Constancy of the alignment between barrel axis and sight line is extremely important for accurate operation of the system and because the gun, at least at its muzzle end, tends to bend during use it is known that the gunner should regularly effect an alignment check and correction procedure. This procedure involves moving the gun to a predetermined elevational position at which it becomes possible to direct a light beam from a source at or near the sight towards a small mirror mounted on the gun barrel at its muzzle end such that the reflected light beam enters the sight. At this predetermined elevational position the ballistic graticule defines a marker and the gunner views the reflected light beam in the sight and effects a visual comparison of the beam position with respect to the marker, identity of position denoting alignment accuracy and non-identity of position denoting alignment error.

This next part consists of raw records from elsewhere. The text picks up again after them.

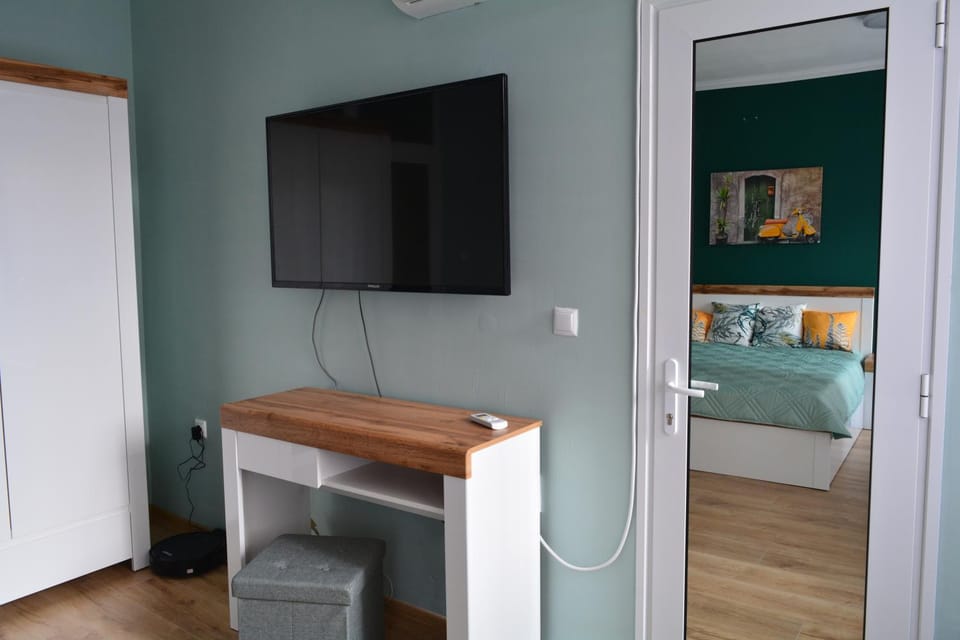 TV and multimedia, Bedroom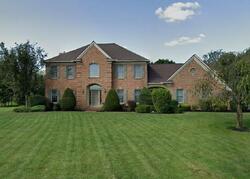 Pre-foreclosure in  Thresher Ct Lititz, PA 17543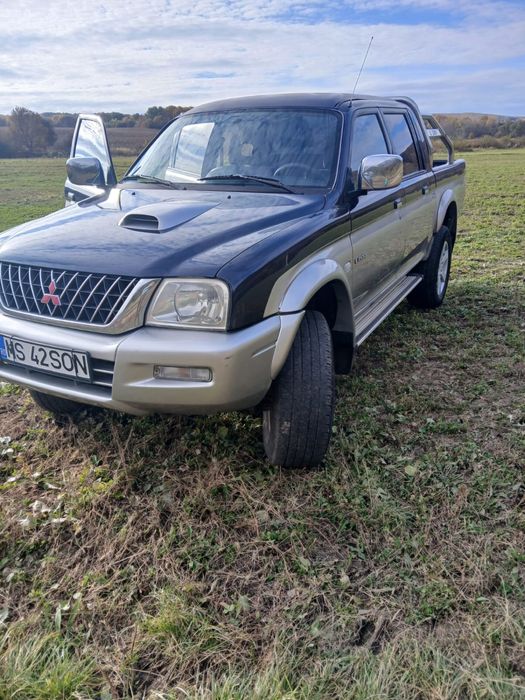 Vând Mitsubishi L200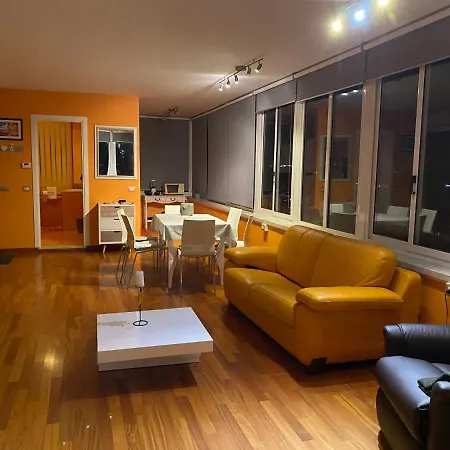 Domus Mirabile Apartment *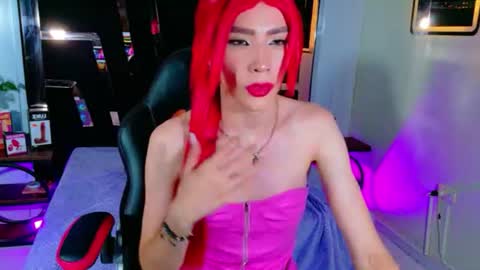 thamara_roberts online show from August 15, 5:44 am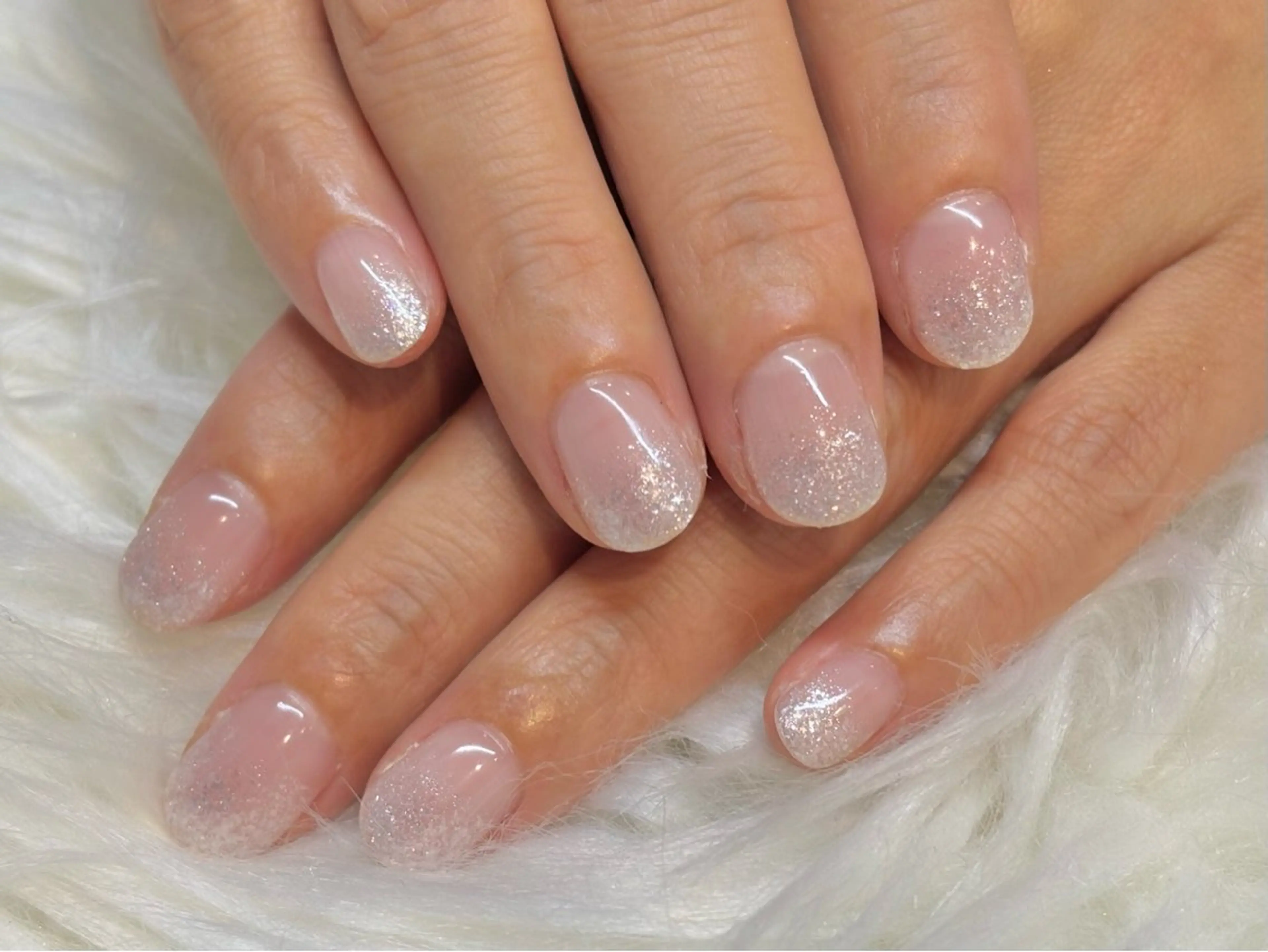 ネイル ラメ(グリッター) ラメグラデーション ホワイト ハンドネイル Bianca大名店 WATANABEの眉毛・アイブロウイメージ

If necessary alignment correction is then effected by manual adjustment of two knobs until such time as identity of position is established to the visual satisfaction of the gunner. The two knobs effect orthogonal movements (elevational and azimuthal) of the lens defining the sight line in the sight.
When the sight line and barrel axis are in alignment the sight is in a condition to be aimed at a target the range of which is determined by a laser rangefinder forming part of the sight. By determining the target range in this manner the sight can then be elevated to the corresponding range gradation of the ballistic graticule and the gun fired. Because the ballistic graticule has a myriad of gradations it can be difficult for the gunner to select the correct gradation and where the target range value falls between adjacent gradations on the ballistic graticule the gunner requires to effect an interpolation. Each of these procedures is subject to human error and to eliminate this a known improved form of fire control system electronically generates an aiming mark, usually in the form of an ellipse, which is injected into the sight in the plane of the ballistic graticule at the pertinent elevational position for the target range as determined by a ballistic computer. With this system the gunner merely has to centre the elliptical aiming mark on the target before firing the gun. The ballistic computer receives the target range signal from the laser rangefinder and by means of known ballistic equations establishes the required position of the elliptical aiming mark with respect to the ballistic graticule of the sight.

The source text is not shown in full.